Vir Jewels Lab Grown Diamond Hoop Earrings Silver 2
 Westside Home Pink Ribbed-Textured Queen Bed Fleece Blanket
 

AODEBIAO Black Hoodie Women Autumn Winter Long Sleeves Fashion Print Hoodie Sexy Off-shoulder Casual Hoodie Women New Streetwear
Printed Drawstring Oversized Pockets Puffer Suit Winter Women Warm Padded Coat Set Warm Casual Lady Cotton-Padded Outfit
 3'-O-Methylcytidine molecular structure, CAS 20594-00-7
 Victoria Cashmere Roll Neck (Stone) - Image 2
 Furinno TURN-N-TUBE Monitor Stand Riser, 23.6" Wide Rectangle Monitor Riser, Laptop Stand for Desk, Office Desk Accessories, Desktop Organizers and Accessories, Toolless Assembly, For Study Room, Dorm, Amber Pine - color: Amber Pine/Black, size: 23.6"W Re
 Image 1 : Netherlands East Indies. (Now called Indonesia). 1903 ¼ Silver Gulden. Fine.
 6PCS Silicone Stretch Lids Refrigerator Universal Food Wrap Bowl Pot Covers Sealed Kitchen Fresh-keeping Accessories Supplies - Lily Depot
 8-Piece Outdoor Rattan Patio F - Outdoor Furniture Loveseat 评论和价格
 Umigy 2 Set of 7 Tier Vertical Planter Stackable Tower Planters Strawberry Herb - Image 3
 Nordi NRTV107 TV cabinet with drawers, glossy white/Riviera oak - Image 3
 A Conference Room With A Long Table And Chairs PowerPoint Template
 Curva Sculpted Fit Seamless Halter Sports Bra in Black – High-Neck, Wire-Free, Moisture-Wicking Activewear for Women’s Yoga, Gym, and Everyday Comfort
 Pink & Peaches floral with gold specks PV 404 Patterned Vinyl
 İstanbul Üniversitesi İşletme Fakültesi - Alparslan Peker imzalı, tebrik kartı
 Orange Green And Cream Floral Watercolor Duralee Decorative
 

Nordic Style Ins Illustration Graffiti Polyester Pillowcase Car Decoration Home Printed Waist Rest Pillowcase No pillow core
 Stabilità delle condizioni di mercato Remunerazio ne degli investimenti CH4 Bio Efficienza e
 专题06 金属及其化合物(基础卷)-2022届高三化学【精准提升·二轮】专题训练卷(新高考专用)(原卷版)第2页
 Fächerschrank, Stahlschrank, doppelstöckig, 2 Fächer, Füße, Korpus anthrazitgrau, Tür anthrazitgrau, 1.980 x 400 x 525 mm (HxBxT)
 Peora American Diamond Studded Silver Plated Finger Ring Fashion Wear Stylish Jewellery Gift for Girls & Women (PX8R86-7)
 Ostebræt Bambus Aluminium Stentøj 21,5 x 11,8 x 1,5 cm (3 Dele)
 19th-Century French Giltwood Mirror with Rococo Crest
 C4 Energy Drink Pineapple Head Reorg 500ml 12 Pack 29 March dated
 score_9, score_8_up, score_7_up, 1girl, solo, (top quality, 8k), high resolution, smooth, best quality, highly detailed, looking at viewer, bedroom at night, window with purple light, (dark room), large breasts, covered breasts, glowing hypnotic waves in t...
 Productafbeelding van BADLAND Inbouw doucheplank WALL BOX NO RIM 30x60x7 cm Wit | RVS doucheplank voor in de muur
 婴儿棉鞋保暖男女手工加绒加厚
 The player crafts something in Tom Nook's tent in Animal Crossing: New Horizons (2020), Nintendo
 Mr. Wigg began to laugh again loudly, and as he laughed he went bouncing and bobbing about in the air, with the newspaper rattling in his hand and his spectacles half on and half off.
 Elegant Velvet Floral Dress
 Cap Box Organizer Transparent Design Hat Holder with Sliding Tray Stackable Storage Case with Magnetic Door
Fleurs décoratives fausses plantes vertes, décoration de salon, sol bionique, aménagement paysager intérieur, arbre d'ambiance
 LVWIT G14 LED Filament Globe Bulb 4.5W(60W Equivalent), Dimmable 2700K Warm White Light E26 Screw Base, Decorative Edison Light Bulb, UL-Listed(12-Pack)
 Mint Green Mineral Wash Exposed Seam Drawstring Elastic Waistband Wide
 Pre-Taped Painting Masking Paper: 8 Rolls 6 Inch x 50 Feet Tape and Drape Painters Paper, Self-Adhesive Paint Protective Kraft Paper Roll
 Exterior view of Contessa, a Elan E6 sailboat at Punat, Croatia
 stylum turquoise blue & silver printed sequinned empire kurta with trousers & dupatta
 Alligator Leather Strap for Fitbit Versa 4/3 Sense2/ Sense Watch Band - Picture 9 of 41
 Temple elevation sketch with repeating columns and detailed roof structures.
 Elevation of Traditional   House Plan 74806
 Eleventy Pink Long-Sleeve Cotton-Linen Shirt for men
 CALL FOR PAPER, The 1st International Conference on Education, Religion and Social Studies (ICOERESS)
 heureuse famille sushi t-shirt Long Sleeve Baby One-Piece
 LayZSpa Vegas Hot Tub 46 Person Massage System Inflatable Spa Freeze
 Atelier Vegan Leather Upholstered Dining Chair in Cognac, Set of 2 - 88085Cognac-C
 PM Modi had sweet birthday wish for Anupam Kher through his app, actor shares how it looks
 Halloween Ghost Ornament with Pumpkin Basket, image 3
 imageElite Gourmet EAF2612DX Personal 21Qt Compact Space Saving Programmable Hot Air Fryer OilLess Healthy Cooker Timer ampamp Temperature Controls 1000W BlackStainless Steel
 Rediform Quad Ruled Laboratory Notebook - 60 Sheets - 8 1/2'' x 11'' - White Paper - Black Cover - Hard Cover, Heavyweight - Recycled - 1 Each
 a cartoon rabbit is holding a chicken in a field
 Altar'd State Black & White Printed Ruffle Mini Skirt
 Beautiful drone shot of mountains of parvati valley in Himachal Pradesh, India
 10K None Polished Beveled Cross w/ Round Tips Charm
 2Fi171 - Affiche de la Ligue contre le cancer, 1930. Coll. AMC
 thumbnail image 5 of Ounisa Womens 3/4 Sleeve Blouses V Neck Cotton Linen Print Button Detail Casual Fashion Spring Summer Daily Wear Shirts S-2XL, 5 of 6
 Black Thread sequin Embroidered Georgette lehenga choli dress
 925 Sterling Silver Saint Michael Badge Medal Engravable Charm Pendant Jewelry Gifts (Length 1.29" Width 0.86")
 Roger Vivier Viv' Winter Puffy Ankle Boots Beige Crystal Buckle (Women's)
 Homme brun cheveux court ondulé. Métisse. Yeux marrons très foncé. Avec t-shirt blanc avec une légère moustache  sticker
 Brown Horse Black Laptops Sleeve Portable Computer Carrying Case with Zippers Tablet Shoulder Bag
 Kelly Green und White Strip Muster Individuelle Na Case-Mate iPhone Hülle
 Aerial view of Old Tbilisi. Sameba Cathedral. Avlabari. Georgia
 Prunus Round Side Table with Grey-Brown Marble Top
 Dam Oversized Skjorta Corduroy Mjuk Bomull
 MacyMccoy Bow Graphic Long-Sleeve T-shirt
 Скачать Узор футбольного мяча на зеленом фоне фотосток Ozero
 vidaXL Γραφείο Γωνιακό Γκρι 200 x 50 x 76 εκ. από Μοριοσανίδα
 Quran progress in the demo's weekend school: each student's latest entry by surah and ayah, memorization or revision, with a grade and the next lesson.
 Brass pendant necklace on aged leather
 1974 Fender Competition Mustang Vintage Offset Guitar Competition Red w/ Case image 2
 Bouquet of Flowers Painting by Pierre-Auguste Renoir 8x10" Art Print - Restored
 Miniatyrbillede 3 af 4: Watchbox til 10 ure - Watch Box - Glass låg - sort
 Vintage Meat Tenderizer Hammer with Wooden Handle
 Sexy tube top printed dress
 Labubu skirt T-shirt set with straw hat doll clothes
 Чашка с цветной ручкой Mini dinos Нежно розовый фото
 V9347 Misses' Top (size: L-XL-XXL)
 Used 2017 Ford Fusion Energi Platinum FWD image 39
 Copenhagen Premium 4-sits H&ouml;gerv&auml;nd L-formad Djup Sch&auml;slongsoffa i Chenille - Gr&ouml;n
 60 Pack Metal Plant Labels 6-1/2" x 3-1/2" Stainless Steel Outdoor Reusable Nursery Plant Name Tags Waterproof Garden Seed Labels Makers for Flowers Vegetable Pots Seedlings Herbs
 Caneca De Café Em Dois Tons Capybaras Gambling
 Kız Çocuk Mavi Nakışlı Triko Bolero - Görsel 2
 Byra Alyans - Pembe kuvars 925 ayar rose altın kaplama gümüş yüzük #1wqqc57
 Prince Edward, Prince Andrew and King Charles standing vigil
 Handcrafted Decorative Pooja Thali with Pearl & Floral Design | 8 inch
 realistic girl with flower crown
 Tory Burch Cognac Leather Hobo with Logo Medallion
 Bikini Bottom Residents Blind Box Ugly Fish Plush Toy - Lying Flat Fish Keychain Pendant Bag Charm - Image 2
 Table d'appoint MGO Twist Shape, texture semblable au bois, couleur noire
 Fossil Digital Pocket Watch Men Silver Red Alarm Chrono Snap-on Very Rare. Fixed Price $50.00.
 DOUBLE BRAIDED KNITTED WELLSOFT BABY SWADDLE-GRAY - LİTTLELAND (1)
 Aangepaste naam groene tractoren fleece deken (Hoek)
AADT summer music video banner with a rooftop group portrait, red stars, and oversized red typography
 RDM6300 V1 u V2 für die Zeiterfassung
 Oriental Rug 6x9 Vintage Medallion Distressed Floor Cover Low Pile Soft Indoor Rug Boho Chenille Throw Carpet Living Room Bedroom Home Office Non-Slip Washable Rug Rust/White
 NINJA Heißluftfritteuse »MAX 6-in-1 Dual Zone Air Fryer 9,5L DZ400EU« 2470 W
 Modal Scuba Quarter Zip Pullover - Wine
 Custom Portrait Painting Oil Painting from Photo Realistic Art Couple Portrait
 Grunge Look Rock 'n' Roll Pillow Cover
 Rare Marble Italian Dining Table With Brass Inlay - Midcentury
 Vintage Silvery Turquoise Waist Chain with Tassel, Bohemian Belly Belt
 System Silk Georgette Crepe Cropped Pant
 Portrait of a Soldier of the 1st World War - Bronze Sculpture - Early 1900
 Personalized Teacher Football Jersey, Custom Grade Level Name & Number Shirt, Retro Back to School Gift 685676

▶ [ABOUT THIS TASK]: From the material above, set down exactly the lines starting at the one with "925 Sterling Silver" and ending at the one with "Скачать Узор футбольного", end lines included.

▶ [SOLUTION]:
 925 Sterling Silver Saint Michael Badge Medal Engravable Charm Pendant Jewelry Gifts (Length 1.29" Width 0.86")
 Roger Vivier Viv' Winter Puffy Ankle Boots Beige Crystal Buckle (Women's)
 Homme brun cheveux court ondulé. Métisse. Yeux marrons très foncé. Avec t-shirt blanc avec une légère moustache  sticker
 Brown Horse Black Laptops Sleeve Portable Computer Carrying Case with Zippers Tablet Shoulder Bag
 Kelly Green und White Strip Muster Individuelle Na Case-Mate iPhone Hülle
 Aerial view of Old Tbilisi. Sameba Cathedral. Avlabari. Georgia
 Prunus Round Side Table with Grey-Brown Marble Top
 Dam Oversized Skjorta Corduroy Mjuk Bomull
 MacyMccoy Bow Graphic Long-Sleeve T-shirt
 Скачать Узор футбольного мяча на зеленом фоне фотосток Ozero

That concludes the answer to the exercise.